EV chargers developed, procured, maintained, or used by federal agencies must also comply with the revised Section 508 StandardsSee 36 C.F.R. §1194.1 , App. A and C . This includes that the user interface (UI) be accessible. EV chargers which do not incorporate a display screen would not be required to be speech-output enabled, but are still ICT and would have accessibility requirements if they are any more complicated than just plugging it in.

Person using a touchscreen on an EV charger
EV charger with Display Screen. Speech Output enabled is required under Section 508
white EV charger with no buttons or display screens, only a plug with a ring of blue lights
EV charger without a display screen, showing a lighted indicator. In addition to the color, charging progress might be indicated by the number of LEDs illuminated. Section 508 requires auditory or tactile indication in addition to visual cues.

Accessible EV Chargers

Unlike gas stations where an attendant may be available to assist with refueling vehicles, EV charging stations are often unattended. Thus, it is important that EV charging stations be sufficiently accessible to allow independent use by drivers with disabilities, including people who have limited or no hand dexterity, limb differences, or upper extremity amputations and use adaptive driving controls.

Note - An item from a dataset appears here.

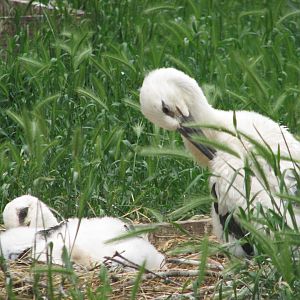 Margaret Island Mini Zoo, Budapest - young White storks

Two aspects of accessibility need to be considered:


Accessible mobility features


A reasonable number of EV chargers must have physical access for people who use mobility devices, such as wheelchairs, scooters, walkers, and canes. Accessible mobility features primarily concern the size of the vehicle charging space, providing access aisles, how and where the chargers are installed, and the physical operability of the charger. Also see: Number of accessible chargers


Accessible communication features


All EV chargers should have accessible communication features and operable parts. This enables EV chargers to be used by people who are deaf or hard of hearing, little people, and other people with disabilities who do not need accessible mobility features (like access aisles) to use an EV charger.

All EV chargers containing ICT that are developed, procured, maintained, or used by the federal government must comply with the Section 508 Standards and have accessible ICT, including accessible hardware, software, and operable parts.

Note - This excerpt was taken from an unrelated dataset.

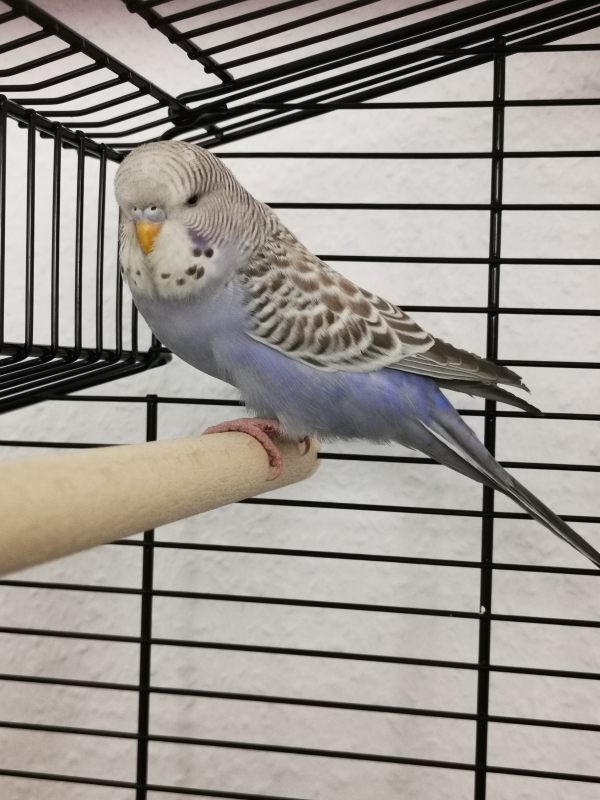 Lila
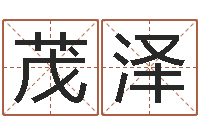 秦茂泽公司取名测算-生辰八字解析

Accessible Mobility Features

EV chargers designed to serve people who use mobility devices must be located on an accessible route and should provide:

  • a vehicle charging space at least 11 feet wide and 20 feet long
  • adjoining access aisle at least 5 feet wide
  • clear floor or ground space at the same level as the vehicle charging space and positioned for an unobstructed side reach
  • accessible operable parts, including on the charger and connector

These mobility features allow sufficient space for a person who uses a mobility device to exit and maneuver around the vehicle, retrieve the EV connector, and plug the connector into the electric vehicle charging inlet. Since EVs do not have a uniform vehicle charging inlet location, a larger vehicle charging space is needed to maneuver around all sides of the electric vehicle.

Plan view of EV charging station. Blue vehicle is pulled into accessible vehicle charging space with access aisle on the right side. A person using a wheelchair is on the left side of the vehicle with the door open. A yellow route is highlighted on the ground that goes down the left side behind the vehicle and up through the access aisle. A yellow box is in front of the EV charger. Another yellow route is on the sidewalk. 3 other EV chargers are in front of other charging spaces. Green bollards are used to protect EV chargers

Accessible Routes

EV chargers with accessible mobility features must be connected to an accessible route (§206.2.2§402). The technical requirements for accessible routes can be found in Chapter 4 of the ADA and ABA standards as well as in the Access Board’s technical guides on accessible routes , including walking surfaces (§403), curb ramps (§406), and ramps (§405).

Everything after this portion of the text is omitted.